▸ ACTIVITY: Set down, exactly and with no pictures, the line that contains "Anant Yardi speaks" and all lines after it in the listing.

▸ DATA SHOWN:
= Beginning of Section =

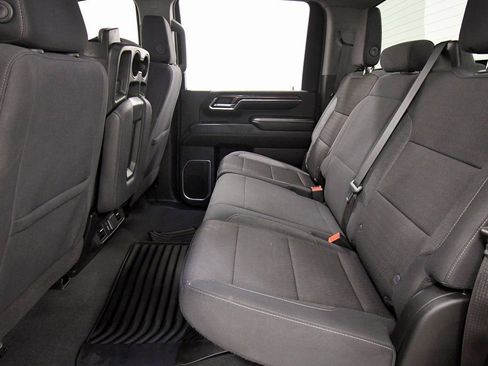 Used 2024 Chevrolet Silverado 2500 LT w/ Convenience Package image 15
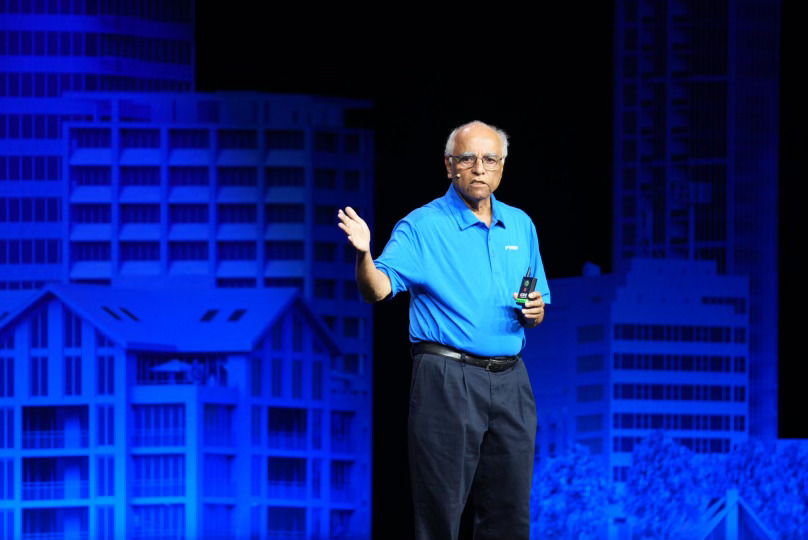 Anant Yardi speaks at the opening session of YASC 2024 in San Diego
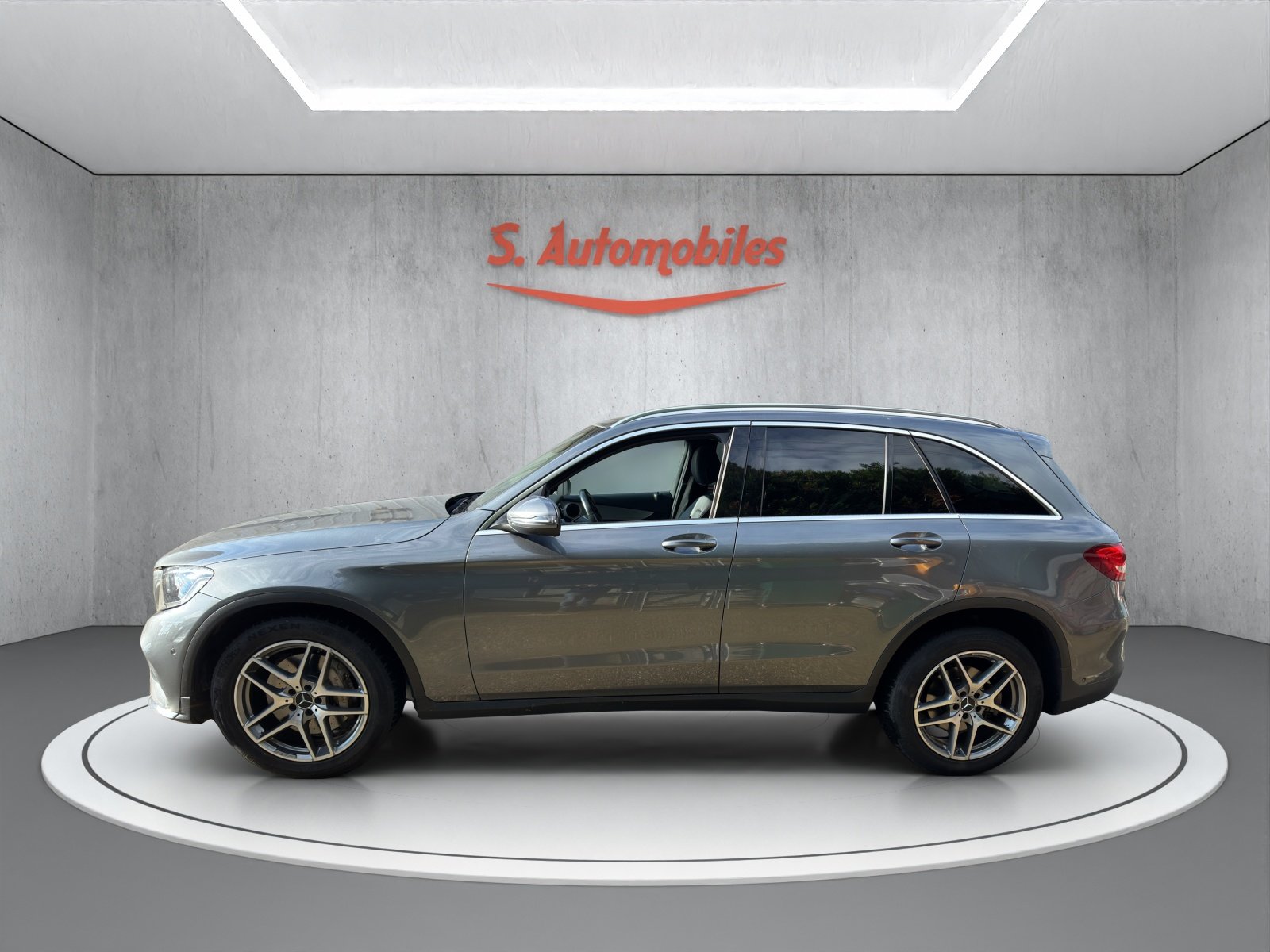 MERCEDES-BENZ GLC 250 d AMG Line 4Matic 9G-Tronic, Diesel, Second hand / Used, Automatic - 3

= End of Section =

▸ THE COMPLETED TASK:
 Anant Yardi speaks at the opening session of YASC 2024 in San Diego
 MERCEDES-BENZ GLC 250 d AMG Line 4Matic 9G-Tronic, Diesel, Second hand / Used, Automatic - 3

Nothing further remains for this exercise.